Thank you sir, It has been hot and humid here in s Georgia. while the bees are at farmers market they are under a shade tent with the entrance closed. there is screen on bottom and 1/8" holes along top, and along the top edge of the Plexiglas. While the are at home they are on front porch and free flying. I will move them back into a standard hive today, and make ventilation holes larger along top. There is a 1.5 gallon frame feeder in the bottom, and it has about 1 gallon of 1:1, sugar : water. and there is pollen in one of the three frames in the bottom. Should I replace the sugar mixed water with regular water in the feeder?I believe from your advice that the heat management is causing my problem.


----------



## Michael Bush

They need water to cool the hive. I would make sure they have some capped honey and feed them water instead of syrup. Or both if you have the means or can easily make the means. But yes, I would replace the syrup with water if you have to choose.


----------



## ctye

Thank you 
I will replace with water.


----------



## Phoebee

I read this with interest. The club obs hive fits that description. It just spent several days at the county fair, and was brought back to rotate out the bees. Prior experience tells us that being in an obs hive is stressful and keeping bees on display for more than a couple of days is a problem.

I took my brand new obs hive over to the fellow maintaining the club hive last night so he could swap out obs hives with less fuss. He said there was a half inch deep layer of dead bees on the bottom of the club hive after 2 days at the fair.
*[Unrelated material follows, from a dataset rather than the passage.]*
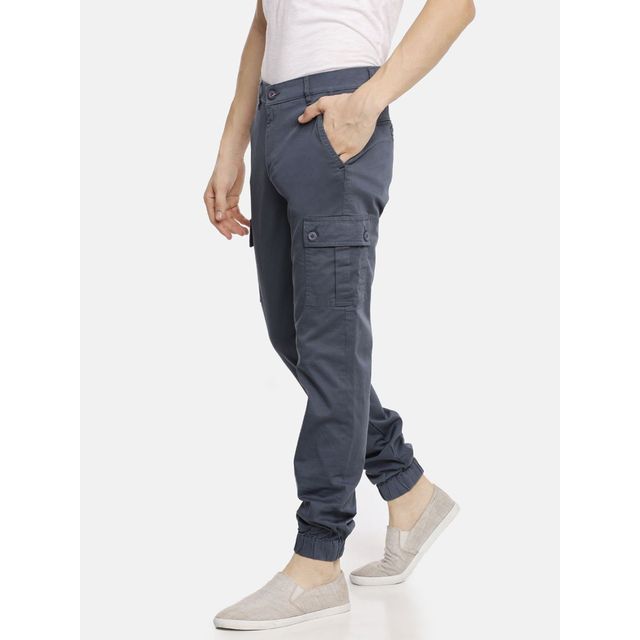 The Indian Garage Co Men's Slim Fit Solid Casual Trouser | Blue - 32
He noted the frame feeder in mine, said he will put water in it instead of syrup because that's what they really need for that short a period (there will be stores in their frames). Mine has a SBB under the nuc ... he will leave that open.


----------



## Michael Bush

When we have ours at the fair, we make sure they have capped honey, we give them pollen and we let them free fly just before dark every night. We also add a bit of water through the same screen we add he pollen. They are there for 11 days and they do very well.


----------



## Phoebee

Maybe letting them fly free in the evening is making the difference? They have not been letting that happen with our obs hive. Think they're dying waiting for a chance for a cleansing flight?

We're hoping adding our hive will allow more frequent swaps, while having bees at the display continuously.


----------



## Michael Bush

>Maybe letting them fly free in the evening is making the difference?
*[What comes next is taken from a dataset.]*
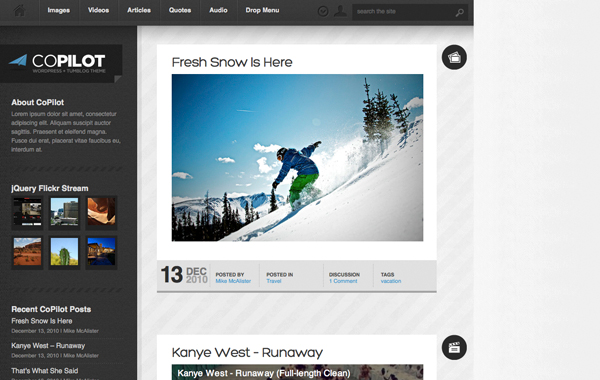 CoPilot WordPress and Tumblog Theme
Yes, free flying is essential.


----------



## Phoebee

Michael Bush said:


> >Maybe letting them fly free in the evening is making the difference?
> 
> Yes, free flying is essential.


The last day of the fair was today, and we had the job of closing up the display. Our little obs hive was the one on display, with another fellow's bees in it. Poor things had been out there since Wednesday, and he was working today so would not be home to accept the bees until tomorrow.

Regarding the original post, ours were pulling out some larvae last night and today as well. They seemed to be uncapping quite a few. The queen was a nervous wreck most of the time but did seem to be laying on occasion. We had temps in the 40's overnight and it is really possible the frame in the observation tower got chilled.

Feeling sorry for them, I brought them home and put them on our second floor porch, out of the sun. My wife was mixing some 5:3 for our bees, so I put about a cup of that in a sports bottle and rigged a couple of shallow trays with rinsed gravel in them, to see if I could feed them. I squirted a little syrup in the trays, and kept the rest on hand to replenish the trays.

I opened the hatch expecting to have bees fly out and out staggered this sorry lot acting strangely. They all started hopping and staggering due south, like zombies smelling brain. They seemed to be trying to fly but could only get about 4 inches downrange per hop. Brown droplets started appearing on the deck. A few bees dropped dead before getting very far. Bees reached the edge and dropped over. With my keen insights and great experience, I thought, "This ain't right."

I watched a few going over the edge, then noticed we had a few flying. Some of the bees going over the edge were managing to get airborne. Then I managed to see one of them against the yellow siding of the next house over, as it ... uh ... cleansed. Quite an impressive squirt, in fact, and then took to the air as if nothing had been wrong.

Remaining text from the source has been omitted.